With news of renewed interest emerging in recent weeks following the United States White House’s Executive Order (Unleashing America's Offshore Critical Minerals and Resources), deep sea mining (DSM) is the subject of both excitement and controversy. Its proponents argue that DSM may be the key to unlocking billions of tonnes of critical battery minerals. Its opponents argue that DSM will cause irreversible damage to the environment. What is clear is that the world – and the International Seabed Authority (ISA) – must strike a balance between protecting unique and ecologically important species in the deep sea and meeting the mineral demand necessary for the transition to net-zero.

This article, Part One in our three-part series, uncovers the basics of DSM – what is it, where the potential mineral deposits are located, who are the key DSM players, the state of play of current DSM technology, and the science for and against DSM.

In Part Two, we will outline the regulatory and legal framework applicable to DSM, with Part Three exploring the geo-politics, the wider international law issues at play and the landscape of international and domestic disputes likely to arise in relation to DSM.

The treasures of the deep sea

The deep seabed covers approximately two-thirds of the total seafloor and is rich in deposits of critical minerals required in battery manufacturing such as manganese, iron, cobalt, nickel, and zinc. These minerals are used in rechargeable batteries that are needed for renewable energy storage, such as for electric vehicle batteries. These mineral deposits come in three forms: polymetallic nodules, polymetallic sulphides, and cobalt-rich ferromanganese crusts. DSM involves extracting these mineral deposits from the seabed at depths below 200 metres.

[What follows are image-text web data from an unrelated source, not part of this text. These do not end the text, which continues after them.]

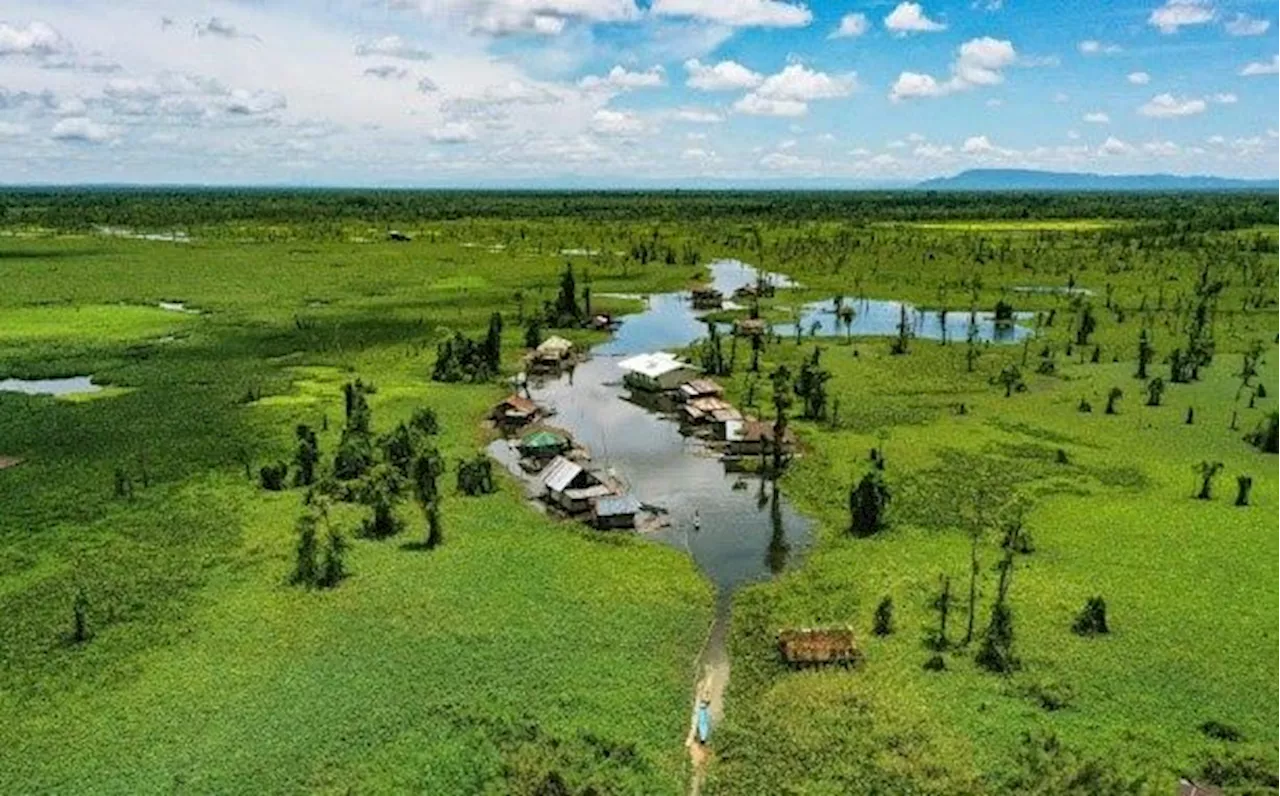 Singaporean researchers introduce peatland restoration tech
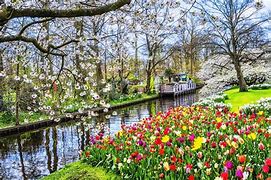 Image result for Spring in Netherlands
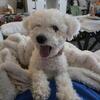 Free Bichon Frise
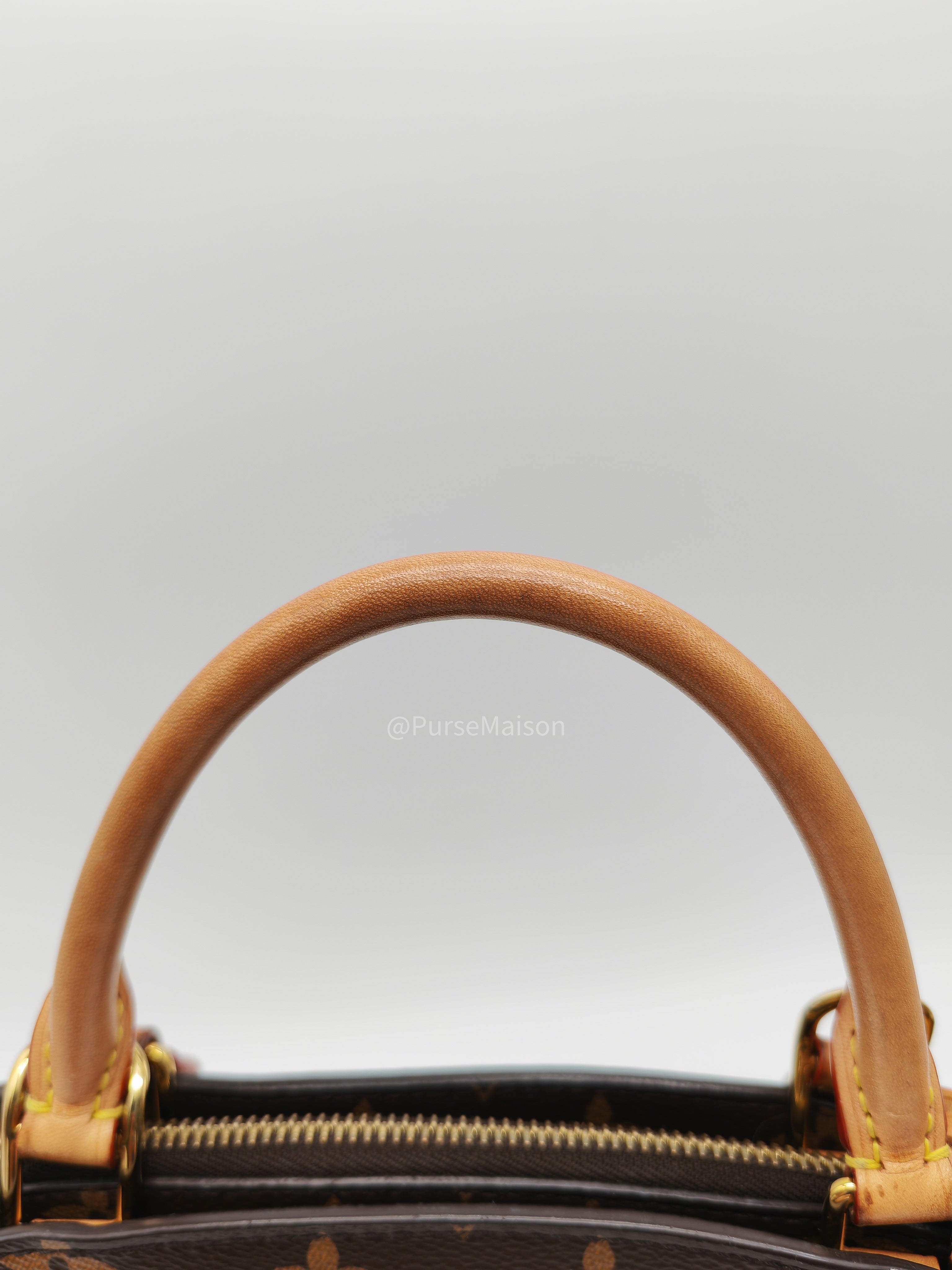 Louis Vuitton Petit Palais in Monogram Canvas and Gold Hardware Microchip | Purse Maison Luxury Bags Shop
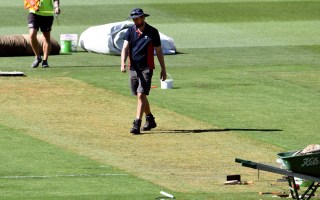 Cricket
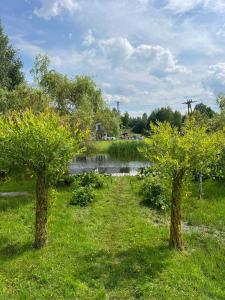 Domek - Sto Krokow Do Jeziora na Kaszubach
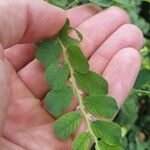 Phyllanthus leucanthus Folio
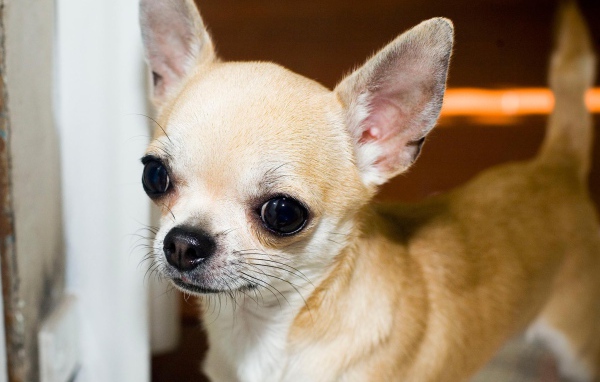 Красивая мордашка чихуахуа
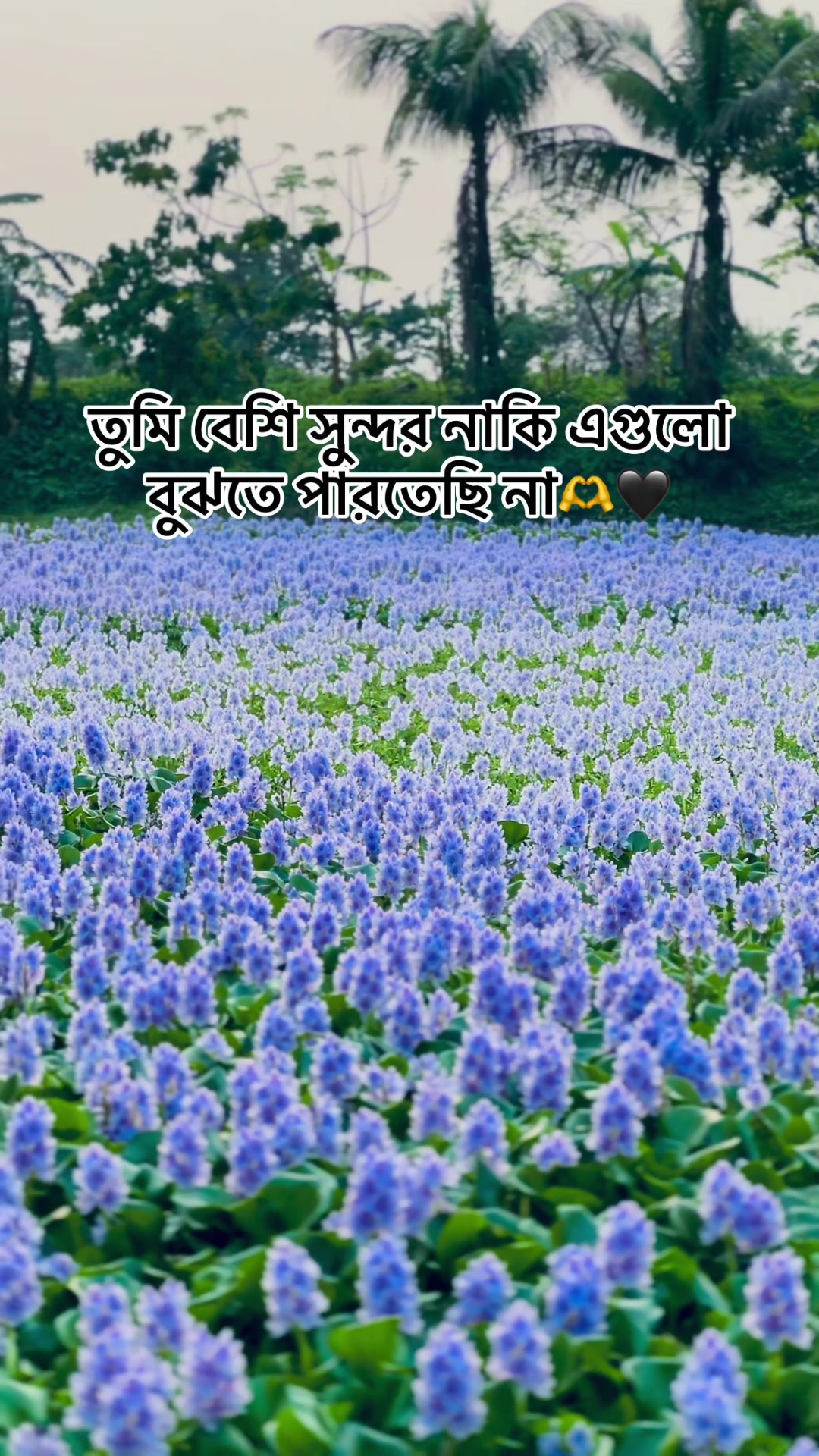 @⚡R K Kawser 77💥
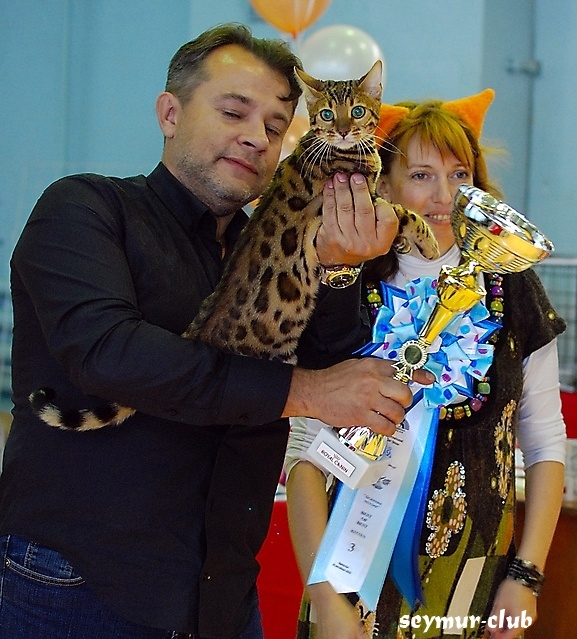 Выставка кошек в Иркутске
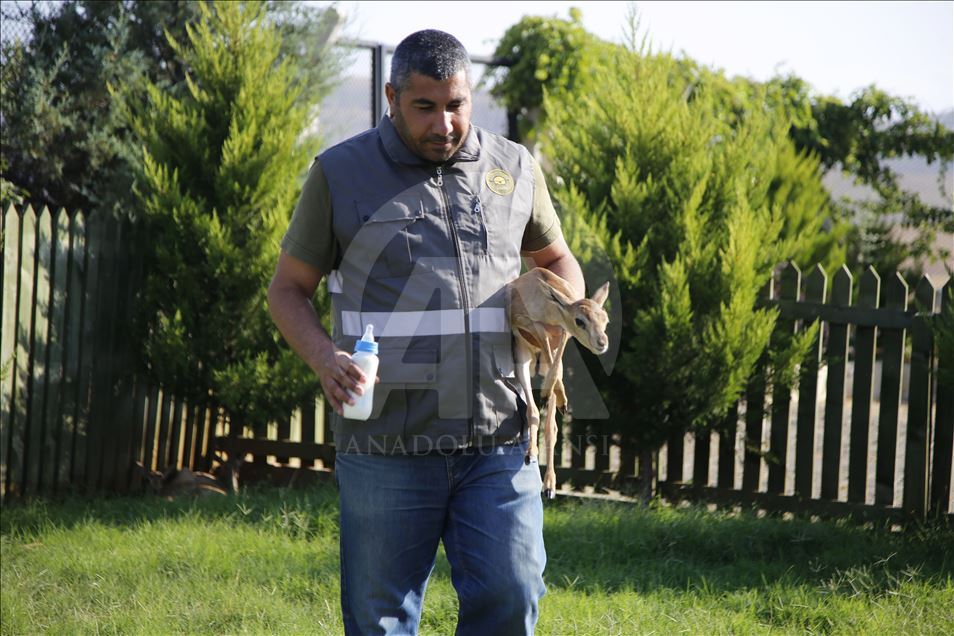 "Gazella gazella" türü dağ ceylanlarının varlığı artıyor
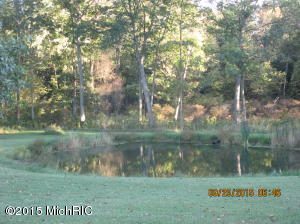 9456 E Tasker Rd, Bellevue, MI 49021 photo 11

DSM Article Part I Figure 1 A29184Figure 1: Types of mineral deposits

Of significant interest to DSM proponents and opponents alike is the Clarion-Clipperton Zone (CCZ), which spans 4.5 million square kilometres in the Pacific Ocean. A conservative estimate is that 21.1 billion dry tonnes of polymetallic nodules exist in the CCZ manganese nodule field, the largest in area and tonnage of the known global nodule fields.1 Based on that estimate, the tonnages of many critical metals in the CCZ nodules are greater than those found in global terrestrial reserves. About 7.5 billion dry tonnes of cobalt-rich ferromanganese crusts are estimated to occur in the Prime Crust Zone, the area with the highest tonnage of critical-metal-rich crust deposits. So far, 19 of the 31 exploration contracts the ISA has issued are for the exploration for polymetallic nodules in the CCZ.

Importantly, much of the CCZ sits in international waters, beyond national jurisdictions. The United Nations Convention on the Law of the Sea (UNCLOS) refers to the seabed, ocean floor, and subsoil beyond limits of national jurisdiction as “the Area”.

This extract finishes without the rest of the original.